Task requirements: Output only the stretch of the listing that starts at the line containing "Dainty Side Initial" and ends at the line containing "side table with hairpin legs 3D Model", reproduced exactly with both ends.

# # # # #

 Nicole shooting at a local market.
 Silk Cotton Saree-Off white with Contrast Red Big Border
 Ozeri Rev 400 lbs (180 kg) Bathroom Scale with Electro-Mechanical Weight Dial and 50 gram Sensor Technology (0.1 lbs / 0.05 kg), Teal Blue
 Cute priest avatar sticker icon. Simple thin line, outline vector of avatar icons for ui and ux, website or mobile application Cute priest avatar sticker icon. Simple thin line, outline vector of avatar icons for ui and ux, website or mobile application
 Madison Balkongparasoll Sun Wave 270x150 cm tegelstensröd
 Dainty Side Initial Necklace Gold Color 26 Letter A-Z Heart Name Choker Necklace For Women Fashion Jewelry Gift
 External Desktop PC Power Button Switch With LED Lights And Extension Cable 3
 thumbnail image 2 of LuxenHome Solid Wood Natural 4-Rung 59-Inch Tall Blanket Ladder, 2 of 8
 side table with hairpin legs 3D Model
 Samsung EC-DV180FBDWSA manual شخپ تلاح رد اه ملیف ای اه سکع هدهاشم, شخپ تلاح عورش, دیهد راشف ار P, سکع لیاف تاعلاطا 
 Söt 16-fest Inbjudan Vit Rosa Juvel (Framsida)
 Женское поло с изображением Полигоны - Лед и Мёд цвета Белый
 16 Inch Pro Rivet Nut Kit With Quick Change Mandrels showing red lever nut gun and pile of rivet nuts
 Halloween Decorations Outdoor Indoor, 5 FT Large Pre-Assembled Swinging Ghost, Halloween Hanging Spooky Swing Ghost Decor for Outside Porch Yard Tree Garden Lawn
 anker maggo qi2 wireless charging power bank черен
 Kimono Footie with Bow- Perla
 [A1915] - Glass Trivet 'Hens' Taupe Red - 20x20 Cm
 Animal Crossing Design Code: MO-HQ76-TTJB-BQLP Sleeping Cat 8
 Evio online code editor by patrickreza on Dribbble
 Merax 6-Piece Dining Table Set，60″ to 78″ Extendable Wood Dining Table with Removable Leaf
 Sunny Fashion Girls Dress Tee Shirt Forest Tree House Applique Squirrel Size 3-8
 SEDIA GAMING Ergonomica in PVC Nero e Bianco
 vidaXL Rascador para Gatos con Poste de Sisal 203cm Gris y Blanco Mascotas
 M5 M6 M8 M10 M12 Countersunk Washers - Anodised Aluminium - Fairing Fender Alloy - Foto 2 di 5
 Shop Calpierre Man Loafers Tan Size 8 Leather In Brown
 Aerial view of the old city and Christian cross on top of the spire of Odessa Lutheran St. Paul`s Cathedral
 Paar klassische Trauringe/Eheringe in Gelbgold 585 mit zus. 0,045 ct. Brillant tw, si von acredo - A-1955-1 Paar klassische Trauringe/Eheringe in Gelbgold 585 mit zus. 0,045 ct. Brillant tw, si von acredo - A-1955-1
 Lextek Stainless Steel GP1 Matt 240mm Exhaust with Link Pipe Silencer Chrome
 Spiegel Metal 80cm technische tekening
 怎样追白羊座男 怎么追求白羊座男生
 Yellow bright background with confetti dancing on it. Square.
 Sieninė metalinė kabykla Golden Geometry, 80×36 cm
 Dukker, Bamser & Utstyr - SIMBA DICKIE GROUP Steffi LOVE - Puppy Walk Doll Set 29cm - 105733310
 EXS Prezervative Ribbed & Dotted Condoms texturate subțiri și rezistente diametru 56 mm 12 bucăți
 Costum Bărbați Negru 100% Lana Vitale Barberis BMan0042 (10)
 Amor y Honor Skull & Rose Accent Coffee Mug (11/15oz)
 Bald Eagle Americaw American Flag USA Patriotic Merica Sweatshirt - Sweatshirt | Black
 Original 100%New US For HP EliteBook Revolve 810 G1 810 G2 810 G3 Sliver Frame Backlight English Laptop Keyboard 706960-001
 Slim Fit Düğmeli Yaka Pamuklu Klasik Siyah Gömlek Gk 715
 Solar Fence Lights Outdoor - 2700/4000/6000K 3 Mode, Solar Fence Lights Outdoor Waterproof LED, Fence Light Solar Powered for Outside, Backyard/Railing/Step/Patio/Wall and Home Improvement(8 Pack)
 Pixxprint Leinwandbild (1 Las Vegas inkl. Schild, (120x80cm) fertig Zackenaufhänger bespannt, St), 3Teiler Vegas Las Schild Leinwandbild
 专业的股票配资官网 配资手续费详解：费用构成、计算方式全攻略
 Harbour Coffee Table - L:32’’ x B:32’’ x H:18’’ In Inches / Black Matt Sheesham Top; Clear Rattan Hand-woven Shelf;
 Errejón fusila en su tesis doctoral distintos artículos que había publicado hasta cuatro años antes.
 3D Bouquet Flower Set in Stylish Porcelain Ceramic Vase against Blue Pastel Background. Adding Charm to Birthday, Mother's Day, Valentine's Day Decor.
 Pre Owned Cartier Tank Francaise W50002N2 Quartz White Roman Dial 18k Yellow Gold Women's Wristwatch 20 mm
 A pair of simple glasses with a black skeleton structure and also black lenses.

# # # # #

Solution to the exercise:
 Dainty Side Initial Necklace Gold Color 26 Letter A-Z Heart Name Choker Necklace For Women Fashion Jewelry Gift
 External Desktop PC Power Button Switch With LED Lights And Extension Cable 3
 thumbnail image 2 of LuxenHome Solid Wood Natural 4-Rung 59-Inch Tall Blanket Ladder, 2 of 8
 side table with hairpin legs 3D Model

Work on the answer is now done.